NEW JERSEY JEWISH NEWS

When bad thoughts happen to worse people

Shortly after Ariel Sharon was felled by a massive stroke, I wondered how long it would take before someone would say it was a case of divine punishment.

Not very long at all, it turns out. Just days after the stroke, television evangelist Pat Robertson suggested that God was punishing Sharon for “dividing God’s land.” Meanwhile, some kabalistic right-wingers in Israel said the stroke was the result of a curse they put on the prime minister this summer.

I was ready to dismiss these as fringe comments — Robertson, for example, only speaks to an audience in the hundreds of thousands. Okay, forget that. I was ready to dismiss these as fringe comments because condemnation of Robertson came from across the political and religious spectrum.
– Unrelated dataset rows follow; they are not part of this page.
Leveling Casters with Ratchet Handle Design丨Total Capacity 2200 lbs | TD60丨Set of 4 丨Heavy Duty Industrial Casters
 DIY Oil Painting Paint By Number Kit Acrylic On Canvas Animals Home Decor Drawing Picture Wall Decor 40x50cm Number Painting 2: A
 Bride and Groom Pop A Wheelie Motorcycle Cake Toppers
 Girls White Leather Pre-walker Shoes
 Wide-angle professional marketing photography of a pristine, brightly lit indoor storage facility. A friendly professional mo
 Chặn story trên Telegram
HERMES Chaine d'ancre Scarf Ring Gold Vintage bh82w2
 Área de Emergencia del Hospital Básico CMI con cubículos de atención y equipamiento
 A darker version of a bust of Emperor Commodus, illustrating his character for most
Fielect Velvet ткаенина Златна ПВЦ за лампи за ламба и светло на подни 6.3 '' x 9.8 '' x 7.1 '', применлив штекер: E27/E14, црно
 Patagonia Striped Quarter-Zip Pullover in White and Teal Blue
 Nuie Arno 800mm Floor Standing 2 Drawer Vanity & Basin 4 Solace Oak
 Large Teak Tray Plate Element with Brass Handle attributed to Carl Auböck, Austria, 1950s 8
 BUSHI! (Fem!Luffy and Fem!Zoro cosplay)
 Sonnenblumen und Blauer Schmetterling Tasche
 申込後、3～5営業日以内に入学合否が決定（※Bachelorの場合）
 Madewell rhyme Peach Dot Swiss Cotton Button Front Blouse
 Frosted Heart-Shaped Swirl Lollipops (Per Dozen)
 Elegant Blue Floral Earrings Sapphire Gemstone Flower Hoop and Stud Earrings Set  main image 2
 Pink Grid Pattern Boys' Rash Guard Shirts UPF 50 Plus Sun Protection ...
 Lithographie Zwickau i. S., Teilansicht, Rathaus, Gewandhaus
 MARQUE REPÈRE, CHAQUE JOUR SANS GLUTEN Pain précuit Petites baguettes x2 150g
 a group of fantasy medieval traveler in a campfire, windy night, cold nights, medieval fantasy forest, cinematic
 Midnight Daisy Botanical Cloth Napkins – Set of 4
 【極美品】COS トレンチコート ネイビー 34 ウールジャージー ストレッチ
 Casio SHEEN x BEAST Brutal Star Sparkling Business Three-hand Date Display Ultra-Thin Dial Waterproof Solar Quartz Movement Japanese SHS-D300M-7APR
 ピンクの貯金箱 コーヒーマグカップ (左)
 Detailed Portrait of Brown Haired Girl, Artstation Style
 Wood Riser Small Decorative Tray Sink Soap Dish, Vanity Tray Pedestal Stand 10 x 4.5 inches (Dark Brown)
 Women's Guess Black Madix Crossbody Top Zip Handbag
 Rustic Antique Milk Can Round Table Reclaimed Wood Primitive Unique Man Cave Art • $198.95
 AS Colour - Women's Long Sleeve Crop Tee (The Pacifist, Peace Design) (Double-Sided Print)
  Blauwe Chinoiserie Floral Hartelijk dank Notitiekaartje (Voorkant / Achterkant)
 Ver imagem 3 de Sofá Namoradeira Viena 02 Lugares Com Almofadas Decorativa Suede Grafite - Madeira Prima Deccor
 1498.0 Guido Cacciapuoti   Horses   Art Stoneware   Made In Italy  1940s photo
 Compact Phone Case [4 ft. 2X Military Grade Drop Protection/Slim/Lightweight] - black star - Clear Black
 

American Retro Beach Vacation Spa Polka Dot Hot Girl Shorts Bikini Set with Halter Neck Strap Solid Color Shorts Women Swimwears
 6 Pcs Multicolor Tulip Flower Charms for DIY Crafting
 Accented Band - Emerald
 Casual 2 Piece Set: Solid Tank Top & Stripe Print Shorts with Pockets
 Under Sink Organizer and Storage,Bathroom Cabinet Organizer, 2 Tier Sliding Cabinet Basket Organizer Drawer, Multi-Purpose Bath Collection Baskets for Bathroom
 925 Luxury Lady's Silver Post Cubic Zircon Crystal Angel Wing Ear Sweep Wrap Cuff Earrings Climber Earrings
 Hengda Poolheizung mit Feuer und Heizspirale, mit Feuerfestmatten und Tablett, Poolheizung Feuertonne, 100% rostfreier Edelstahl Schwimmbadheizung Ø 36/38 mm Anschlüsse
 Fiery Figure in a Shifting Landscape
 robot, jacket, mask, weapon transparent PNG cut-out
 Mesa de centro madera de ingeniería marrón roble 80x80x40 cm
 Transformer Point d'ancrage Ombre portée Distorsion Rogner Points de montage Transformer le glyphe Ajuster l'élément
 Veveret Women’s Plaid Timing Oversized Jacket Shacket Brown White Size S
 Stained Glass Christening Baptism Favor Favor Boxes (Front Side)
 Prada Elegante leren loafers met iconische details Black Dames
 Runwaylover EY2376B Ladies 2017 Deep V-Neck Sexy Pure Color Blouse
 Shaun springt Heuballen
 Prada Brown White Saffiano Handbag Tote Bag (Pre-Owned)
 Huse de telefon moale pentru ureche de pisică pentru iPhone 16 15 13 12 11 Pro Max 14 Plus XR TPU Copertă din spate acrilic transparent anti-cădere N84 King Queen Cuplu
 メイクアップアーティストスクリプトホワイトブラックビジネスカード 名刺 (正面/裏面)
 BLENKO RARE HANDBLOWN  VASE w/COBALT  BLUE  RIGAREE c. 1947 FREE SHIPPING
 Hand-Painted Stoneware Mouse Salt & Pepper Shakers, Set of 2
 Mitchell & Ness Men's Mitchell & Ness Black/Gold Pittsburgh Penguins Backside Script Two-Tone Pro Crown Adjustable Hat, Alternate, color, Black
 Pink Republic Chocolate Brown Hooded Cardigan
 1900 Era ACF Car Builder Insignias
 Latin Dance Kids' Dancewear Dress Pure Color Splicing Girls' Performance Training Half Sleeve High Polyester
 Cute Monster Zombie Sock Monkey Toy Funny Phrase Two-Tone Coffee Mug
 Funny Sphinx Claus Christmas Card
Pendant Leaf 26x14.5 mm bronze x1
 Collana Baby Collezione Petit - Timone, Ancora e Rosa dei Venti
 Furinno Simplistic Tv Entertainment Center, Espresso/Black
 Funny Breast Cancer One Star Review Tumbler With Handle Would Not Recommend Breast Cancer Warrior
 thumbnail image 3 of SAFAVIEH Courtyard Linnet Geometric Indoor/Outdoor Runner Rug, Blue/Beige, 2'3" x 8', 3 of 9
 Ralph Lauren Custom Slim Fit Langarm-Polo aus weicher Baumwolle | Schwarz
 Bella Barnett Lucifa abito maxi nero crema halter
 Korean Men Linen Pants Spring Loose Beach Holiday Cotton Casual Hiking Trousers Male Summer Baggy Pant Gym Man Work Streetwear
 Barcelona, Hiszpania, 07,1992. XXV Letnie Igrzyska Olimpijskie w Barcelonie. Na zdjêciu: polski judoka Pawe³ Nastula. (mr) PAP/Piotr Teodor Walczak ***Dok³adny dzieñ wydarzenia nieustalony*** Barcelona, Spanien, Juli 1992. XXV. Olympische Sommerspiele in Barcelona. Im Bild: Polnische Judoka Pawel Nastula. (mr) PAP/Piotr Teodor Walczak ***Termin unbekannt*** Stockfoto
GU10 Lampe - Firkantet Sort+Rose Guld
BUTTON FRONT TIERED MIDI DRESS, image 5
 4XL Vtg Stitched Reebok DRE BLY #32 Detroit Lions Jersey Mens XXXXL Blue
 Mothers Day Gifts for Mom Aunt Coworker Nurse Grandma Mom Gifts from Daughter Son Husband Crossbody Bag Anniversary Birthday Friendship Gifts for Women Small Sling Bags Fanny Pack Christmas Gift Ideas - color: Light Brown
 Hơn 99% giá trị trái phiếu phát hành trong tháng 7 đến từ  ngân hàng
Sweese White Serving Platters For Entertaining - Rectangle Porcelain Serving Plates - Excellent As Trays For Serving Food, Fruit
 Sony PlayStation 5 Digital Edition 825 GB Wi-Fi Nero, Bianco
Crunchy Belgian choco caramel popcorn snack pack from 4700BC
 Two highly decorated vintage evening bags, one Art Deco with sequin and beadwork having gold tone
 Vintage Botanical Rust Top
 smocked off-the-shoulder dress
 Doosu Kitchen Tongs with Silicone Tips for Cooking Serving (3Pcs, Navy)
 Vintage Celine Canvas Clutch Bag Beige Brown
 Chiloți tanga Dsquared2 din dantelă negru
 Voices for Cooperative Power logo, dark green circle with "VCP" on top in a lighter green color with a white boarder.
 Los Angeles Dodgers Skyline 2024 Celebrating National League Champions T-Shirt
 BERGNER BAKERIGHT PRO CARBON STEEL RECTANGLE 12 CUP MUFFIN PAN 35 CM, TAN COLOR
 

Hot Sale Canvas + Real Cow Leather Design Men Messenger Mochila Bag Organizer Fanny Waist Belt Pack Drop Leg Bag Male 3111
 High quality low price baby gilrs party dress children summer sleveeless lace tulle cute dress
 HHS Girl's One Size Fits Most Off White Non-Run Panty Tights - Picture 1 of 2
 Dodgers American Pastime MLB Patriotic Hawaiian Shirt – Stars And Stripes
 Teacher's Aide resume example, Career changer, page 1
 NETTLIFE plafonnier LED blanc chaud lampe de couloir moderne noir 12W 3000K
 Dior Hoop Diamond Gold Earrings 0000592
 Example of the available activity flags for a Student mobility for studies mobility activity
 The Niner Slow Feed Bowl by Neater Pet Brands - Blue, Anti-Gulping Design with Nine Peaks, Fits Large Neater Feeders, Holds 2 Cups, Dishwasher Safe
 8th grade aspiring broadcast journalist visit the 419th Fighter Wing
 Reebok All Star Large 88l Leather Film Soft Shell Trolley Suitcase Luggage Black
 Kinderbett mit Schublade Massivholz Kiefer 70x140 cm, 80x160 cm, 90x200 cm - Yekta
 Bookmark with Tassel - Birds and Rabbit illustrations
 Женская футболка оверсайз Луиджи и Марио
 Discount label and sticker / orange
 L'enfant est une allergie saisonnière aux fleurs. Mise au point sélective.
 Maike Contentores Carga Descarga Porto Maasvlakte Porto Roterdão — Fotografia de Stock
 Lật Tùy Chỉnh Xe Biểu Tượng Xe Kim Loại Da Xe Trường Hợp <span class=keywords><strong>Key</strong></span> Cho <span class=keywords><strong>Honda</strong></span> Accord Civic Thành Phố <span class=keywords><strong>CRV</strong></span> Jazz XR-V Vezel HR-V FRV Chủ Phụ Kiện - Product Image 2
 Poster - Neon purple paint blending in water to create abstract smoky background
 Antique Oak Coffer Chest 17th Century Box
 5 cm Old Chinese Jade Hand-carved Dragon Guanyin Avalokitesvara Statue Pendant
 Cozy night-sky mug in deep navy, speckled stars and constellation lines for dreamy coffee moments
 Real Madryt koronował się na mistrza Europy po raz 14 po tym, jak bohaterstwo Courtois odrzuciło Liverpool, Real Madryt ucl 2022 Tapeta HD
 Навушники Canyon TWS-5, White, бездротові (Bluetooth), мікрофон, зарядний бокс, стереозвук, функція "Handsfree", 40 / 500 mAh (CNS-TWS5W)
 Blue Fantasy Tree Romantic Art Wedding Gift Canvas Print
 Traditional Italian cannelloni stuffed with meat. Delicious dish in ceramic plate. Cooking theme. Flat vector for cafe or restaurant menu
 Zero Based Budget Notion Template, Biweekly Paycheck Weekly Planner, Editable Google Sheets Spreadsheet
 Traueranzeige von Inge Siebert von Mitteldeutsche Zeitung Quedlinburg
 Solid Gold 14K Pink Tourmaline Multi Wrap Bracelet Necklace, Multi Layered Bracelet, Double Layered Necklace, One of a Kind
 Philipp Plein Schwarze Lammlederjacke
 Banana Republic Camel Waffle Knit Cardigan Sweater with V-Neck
Even from his hospital bed, Sharon was managing to forge a new middle ground.

I couldn’t quite let it go, however, after I heard from an old acquaintance who surprised me by agreeing with Robertson. “The alternative,” he wrote, “is to assume a world which is run by no one and in which there is no final accounting for one’s action. I don’t know whether you’re more or less comfortable in a world construct in which actions bear divine consequences. I think we don’t have enough of those. I pray daily for the wicked to be punished and the righteous rewarded.

“So when I see Bush experiencing a dramatic collapse within days of the expulsion of Jews from Gush Katif, I count it as divine punishment. And when I see the Jewish leader who collaborated in this expulsion getting a massive stroke shortly thereafter, I’m free to see it as divine punishment.”

I immediately responded that I’d much prefer the alternative — a world without a final accounting — if it meant never having to hear comments as grotesque, presumptuous, smug, and convenient as that. But that’s glib. Because my interlocutor, yeshiva-educated and articulate, went on describe what he called “the finer points of Jewish faith,” which say that “there is such a thing as consequences for our actions.”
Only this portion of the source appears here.